■ **Supplied data**:
>>>>>

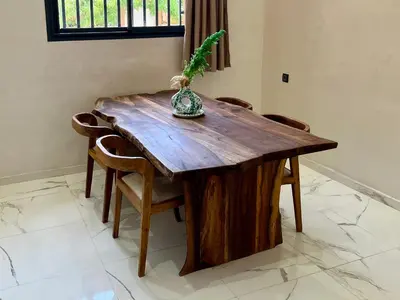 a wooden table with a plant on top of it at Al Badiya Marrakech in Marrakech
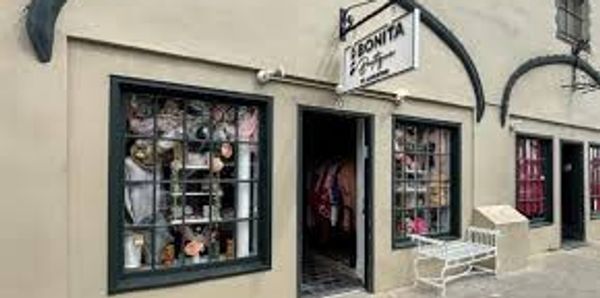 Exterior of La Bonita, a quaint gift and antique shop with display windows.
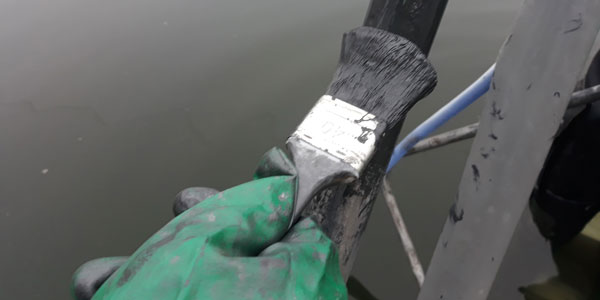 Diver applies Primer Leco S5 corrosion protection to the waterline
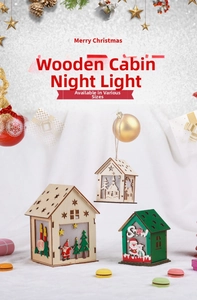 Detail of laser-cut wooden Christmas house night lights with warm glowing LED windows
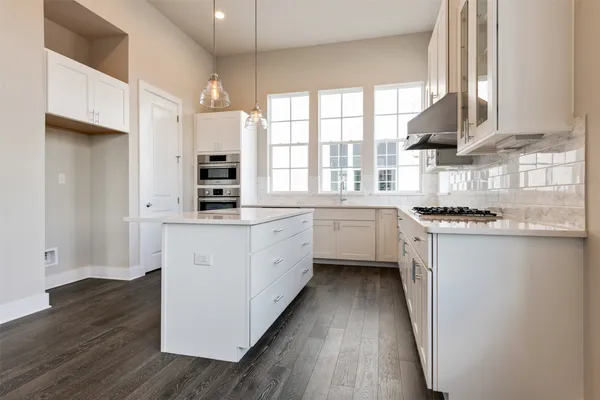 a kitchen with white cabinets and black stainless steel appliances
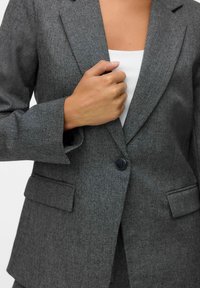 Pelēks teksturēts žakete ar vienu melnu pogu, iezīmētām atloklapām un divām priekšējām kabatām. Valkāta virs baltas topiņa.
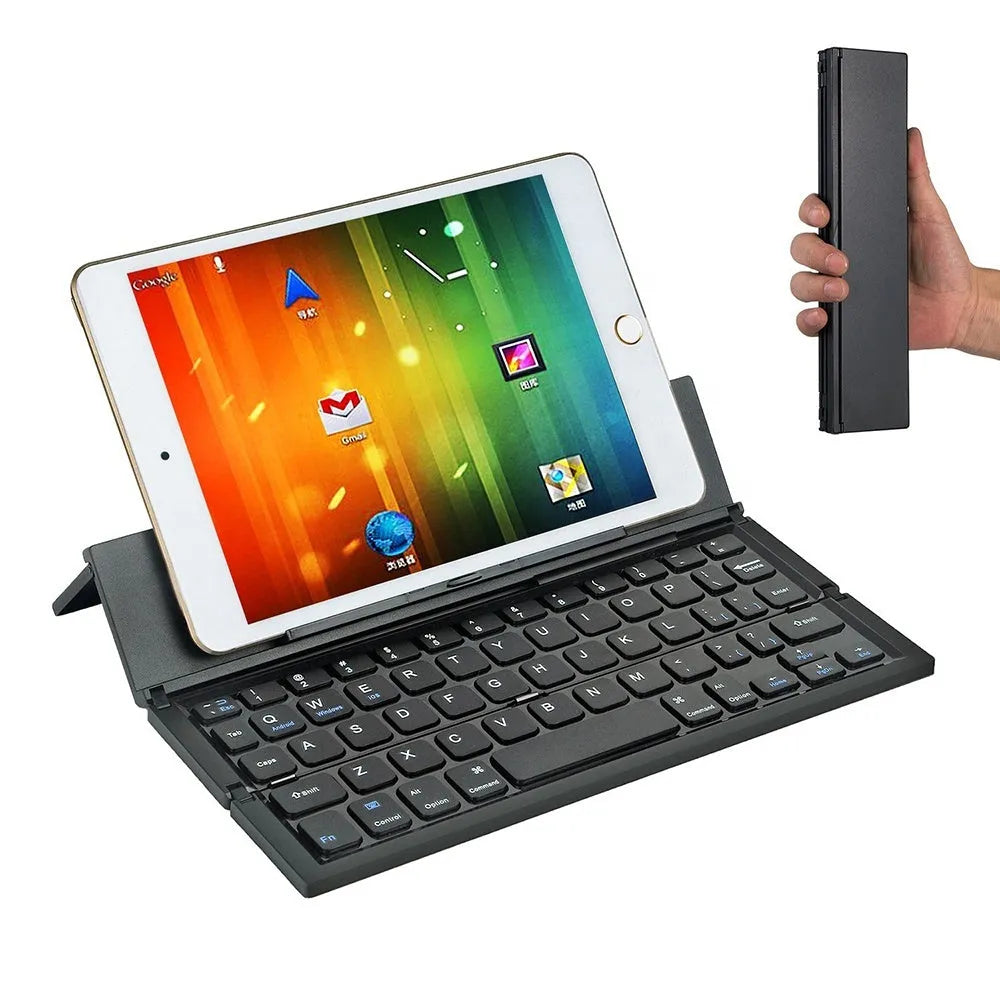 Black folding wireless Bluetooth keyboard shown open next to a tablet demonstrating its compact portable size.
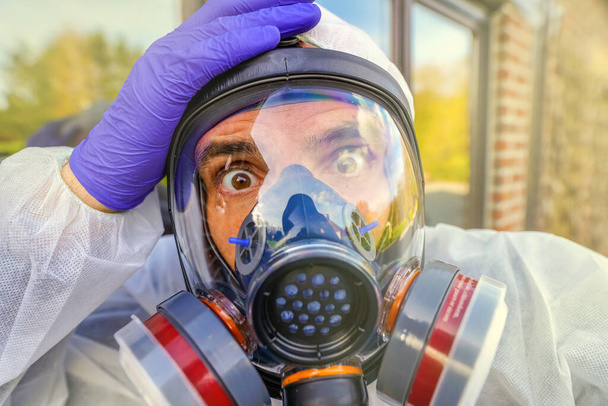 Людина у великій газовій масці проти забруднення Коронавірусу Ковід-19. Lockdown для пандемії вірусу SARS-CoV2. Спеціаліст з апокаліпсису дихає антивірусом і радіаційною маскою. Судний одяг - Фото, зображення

<<<<<

■ **Exercise prompt**:
Print the data word for word and omit the pictures.

■ **Written response**:
 a wooden table with a plant on top of it at Al Badiya Marrakech in Marrakech
 Exterior of La Bonita, a quaint gift and antique shop with display windows.
 Diver applies Primer Leco S5 corrosion protection to the waterline
 Detail of laser-cut wooden Christmas house night lights with warm glowing LED windows
 a kitchen with white cabinets and black stainless steel appliances
 Pelēks teksturēts žakete ar vienu melnu pogu, iezīmētām atloklapām un divām priekšējām kabatām. Valkāta virs baltas topiņa.
 Black folding wireless Bluetooth keyboard shown open next to a tablet demonstrating its compact portable size.
 Людина у великій газовій масці проти забруднення Коронавірусу Ковід-19. Lockdown для пандемії вірусу SARS-CoV2. Спеціаліст з апокаліпсису дихає антивірусом і радіаційною маскою. Судний одяг - Фото, зображення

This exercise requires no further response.